Experiments are conducted on the Tulu3-8B SFT model, a LLaMA-3 derivative, fine-tuned with k=8k=8 mask tokens. The main findings are:

  • Speedup: The method achieves up to 5.2× speedup in code and math generation, and 2.5× speedup in general chat and knowledge tasks, with no loss in output quality.
  • Quality Preservation: Gated LoRA maintains zero-shot accuracy on ARC-Challenge and preserves NTP loss, in contrast to standard LoRA which degrades NTP performance.
  • Ablations: The combination of quadratic decoding, the sampler head, and LCM loss yields the highest acceptance rates. Notably, even LoRA ranks as low as 1 or 4 provide substantial speedup, indicating that the base model already encodes significant information about future tokens.
  • Resource Efficiency: The memory overhead of LoRA and the sampler head is minimal, especially at low ranks, making the approach suitable for deployment in resource-constrained environments.

Implications and Future Directions

This work demonstrates that standard autoregressive LLMs possess substantial implicit knowledge of future tokens, which can be efficiently harnessed for multi-token prediction with minimal fine-tuning and architectural changes. The approach is compatible with existing speculative decoding frameworks and can be integrated with more advanced tree-based or hardware-aware speculative algorithms.

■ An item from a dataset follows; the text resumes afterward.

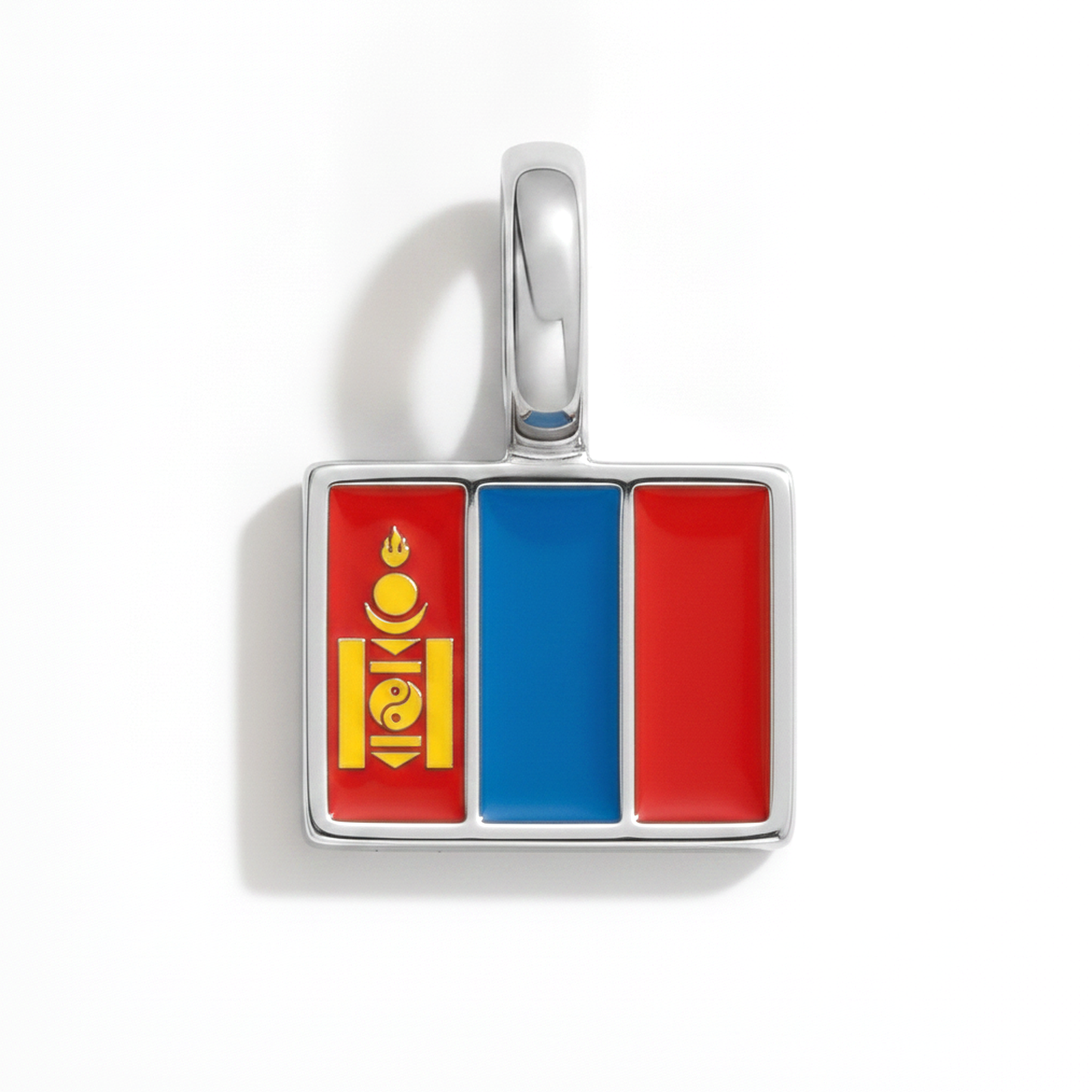 Charm mongolia – square silver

Practical implications include:

  • Inference Acceleration: The method provides a straightforward path to accelerate LLM inference in production without retraining from scratch or sacrificing model quality.
  • Parameter-Efficient Adaptation: Gated LoRA enables selective adaptation for new tasks or domains while preserving base model performance, facilitating continual learning and domain adaptation.
  • Hardware Efficiency: The lightweight nature of the sampler and LoRA modules makes the approach attractive for edge deployment and large-scale serving.

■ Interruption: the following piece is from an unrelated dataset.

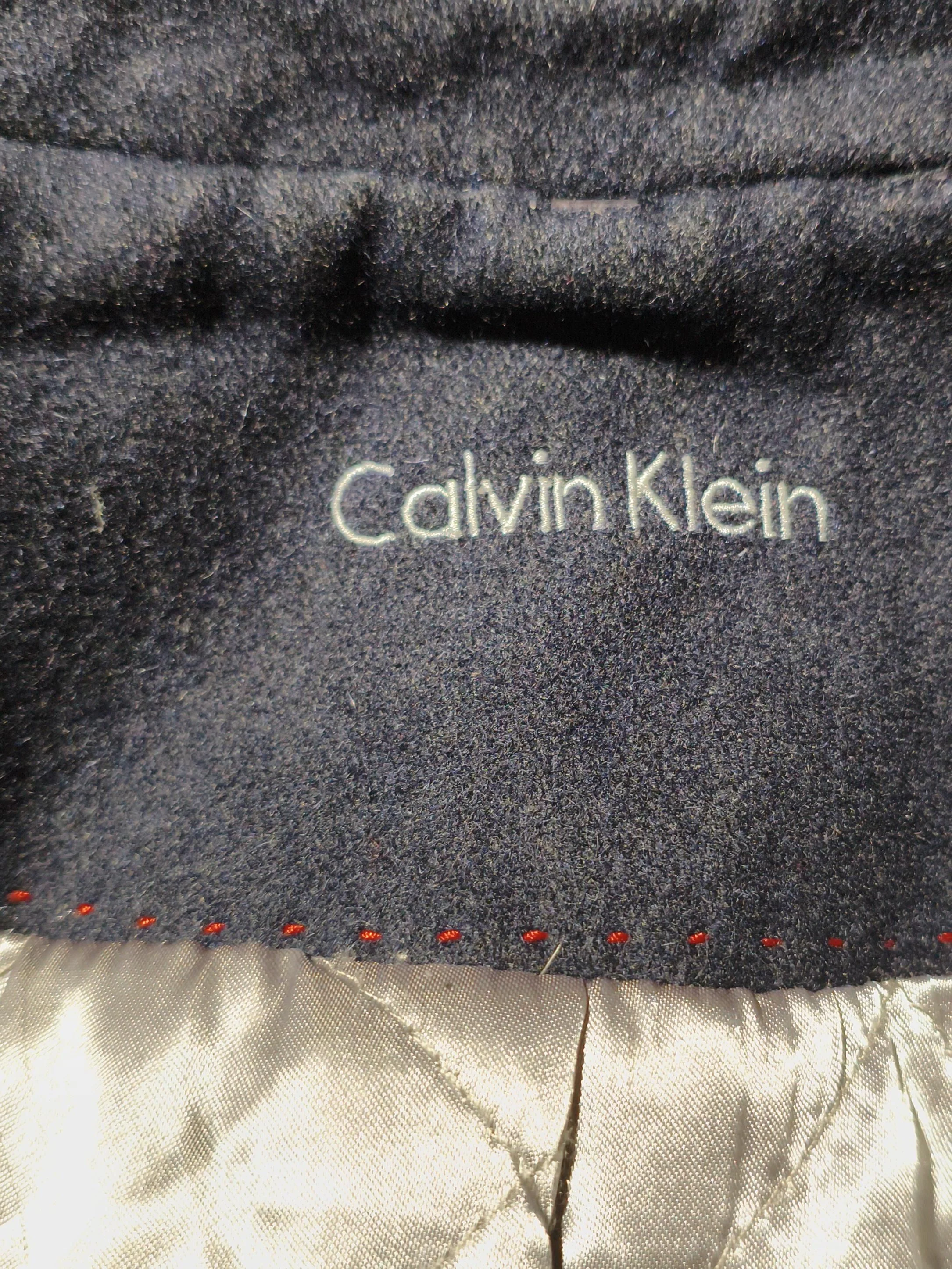 Calvin Klein Women's Coat M Blue Wool with Polyester Pea Coat - Image 6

Theoretical implications and future research avenues:

  • Pretraining with MTP: Investigating the impact of multi-token prediction objectives during pretraining could further enhance the model's ability to anticipate future tokens.
  • Diffusion-Based Generation: Exploring the integration of diffusion models with MTP may yield new trade-offs between fully autoregressive and non-autoregressive generation.
  • Generalization to Other Modalities: The masked-input and gated adaptation strategies may be applicable to multi-modal or non-textual sequence generation tasks.

Conclusion

The paper provides a comprehensive framework for unlocking the multi-token prediction potential of autoregressive LLMs, achieving significant inference speedups with minimal overhead and no loss in quality. The proposed techniques—masked-input fine-tuning, gated LoRA, lightweight sampling, and quadratic decoding—collectively establish a new baseline for efficient LLM inference and open several promising directions for future research in both model architecture and training methodology.